OLDWICK, N.J.--(BUSINESS WIRE)--AM Best has removed from under review with negative implications and affirmed the Financial Strength Rating of B (Fair) and the Long-Term Issuer Credit Rating of “bb” of Weston Insurance Company (Weston) (Coral Gables, FL). The outlook assigned to these Credit Ratings (ratings) is negative.
The ratings reflect Weston’s balance sheet strength, which AM Best categorizes as adequate, as well as its marginal operating performance, limited business profile and appropriate enterprise risk management (ERM).

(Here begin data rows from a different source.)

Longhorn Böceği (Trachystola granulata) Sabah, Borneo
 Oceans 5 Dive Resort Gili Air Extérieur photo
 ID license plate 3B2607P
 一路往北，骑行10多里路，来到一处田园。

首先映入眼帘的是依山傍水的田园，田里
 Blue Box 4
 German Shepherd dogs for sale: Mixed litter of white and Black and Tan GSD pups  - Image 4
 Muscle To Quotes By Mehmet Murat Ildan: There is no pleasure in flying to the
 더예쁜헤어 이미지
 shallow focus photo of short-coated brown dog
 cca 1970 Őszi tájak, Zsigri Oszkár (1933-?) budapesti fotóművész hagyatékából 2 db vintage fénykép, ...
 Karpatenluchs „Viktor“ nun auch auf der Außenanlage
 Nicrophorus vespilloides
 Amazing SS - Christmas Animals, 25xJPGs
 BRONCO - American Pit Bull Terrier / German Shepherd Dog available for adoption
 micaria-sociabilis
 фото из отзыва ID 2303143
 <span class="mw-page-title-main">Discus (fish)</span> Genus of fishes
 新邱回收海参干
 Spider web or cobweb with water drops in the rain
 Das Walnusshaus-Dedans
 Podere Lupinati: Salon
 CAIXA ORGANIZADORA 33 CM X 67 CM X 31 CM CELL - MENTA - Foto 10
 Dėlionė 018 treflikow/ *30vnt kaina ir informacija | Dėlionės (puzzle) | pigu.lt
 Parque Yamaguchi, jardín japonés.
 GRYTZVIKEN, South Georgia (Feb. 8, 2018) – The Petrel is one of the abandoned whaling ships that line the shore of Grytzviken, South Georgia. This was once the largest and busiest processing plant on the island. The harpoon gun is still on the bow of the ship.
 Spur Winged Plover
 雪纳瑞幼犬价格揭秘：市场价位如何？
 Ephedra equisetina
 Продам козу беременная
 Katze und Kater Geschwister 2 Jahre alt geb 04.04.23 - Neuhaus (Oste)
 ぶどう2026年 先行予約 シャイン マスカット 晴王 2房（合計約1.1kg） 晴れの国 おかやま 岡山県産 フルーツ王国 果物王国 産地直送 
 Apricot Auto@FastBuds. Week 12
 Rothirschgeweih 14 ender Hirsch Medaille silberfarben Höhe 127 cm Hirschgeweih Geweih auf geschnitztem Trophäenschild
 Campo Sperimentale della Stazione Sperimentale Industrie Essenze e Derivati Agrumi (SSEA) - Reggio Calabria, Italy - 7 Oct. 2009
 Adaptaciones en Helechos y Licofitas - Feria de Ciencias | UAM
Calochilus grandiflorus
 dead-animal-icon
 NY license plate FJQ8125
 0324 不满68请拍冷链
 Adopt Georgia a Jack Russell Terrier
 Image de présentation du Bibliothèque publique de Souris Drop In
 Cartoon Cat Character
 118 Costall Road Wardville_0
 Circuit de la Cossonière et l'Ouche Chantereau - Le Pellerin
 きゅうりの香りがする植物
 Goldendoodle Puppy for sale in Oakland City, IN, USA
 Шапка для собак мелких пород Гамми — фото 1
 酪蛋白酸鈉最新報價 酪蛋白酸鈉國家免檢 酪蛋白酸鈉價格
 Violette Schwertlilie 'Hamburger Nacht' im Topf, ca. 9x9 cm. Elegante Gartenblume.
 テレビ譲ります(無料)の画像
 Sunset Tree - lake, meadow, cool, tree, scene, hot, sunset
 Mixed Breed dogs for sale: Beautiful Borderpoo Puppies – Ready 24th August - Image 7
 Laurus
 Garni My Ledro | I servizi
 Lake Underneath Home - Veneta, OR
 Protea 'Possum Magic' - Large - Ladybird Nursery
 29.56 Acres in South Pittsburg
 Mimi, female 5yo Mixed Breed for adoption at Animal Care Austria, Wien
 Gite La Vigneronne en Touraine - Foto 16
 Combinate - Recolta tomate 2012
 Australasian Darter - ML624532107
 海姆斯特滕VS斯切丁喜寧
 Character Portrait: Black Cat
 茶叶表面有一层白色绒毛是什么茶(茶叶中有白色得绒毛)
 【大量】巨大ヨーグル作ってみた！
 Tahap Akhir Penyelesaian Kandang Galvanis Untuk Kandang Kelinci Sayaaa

Weston recently converted all outstanding preferred shares, accumulated dividends and a bridge loan into common equity at its ultimate parent, Weston Insurance Holdings Corporation. As a result, the financial leverage at the parent company, which is embedded within Weston’s overall balance sheet assessment, significantly improved as compared with when the ratings were placed under review on Nov. 19, 2019. Concurrently, Weston experienced surplus erosion through the first six months of 2020, driven by assumed catastrophe losses from newly acquired sister company, Weston Specialty Insurance Company (formerly Anchor Specialty Insurance Company), and the liquidation of the wholly-owned Weston Select Insurance Company to facilitate the purchase of Weston Specialty Insurance Company. The reduction in capital, combined with the purchase of less catastrophe reinsurance protection at renewal, drove a material decline in risk-adjusted capitalization, as measured by Best’s Capital Adequacy Ratio (BCAR). These unfavorable trends are reflected by the negative outlook that has been assigned to the ratings.
Operating performance, categorized as marginal, experienced volatility driven by the aforementioned assumed losses; however, AM Best expects any additional near term losses to be mitigated by changes in the quota share treaty, which include no further retained catastrophe losses subject to a $20 million aggregate limit. The limited business profile continues to reflect product and geographic concentrations that carry above average exposure to severe weather losses. Concern has also developed regarding Weston’s ERM program and its ability to mitigate ongoing pressures effectively, given the observed increase in retained exposure at tail events. This concern is highlighted by the hardening reinsurance market given Weston’s business model, which strategically relies on reinsurance to generate ceding commissions.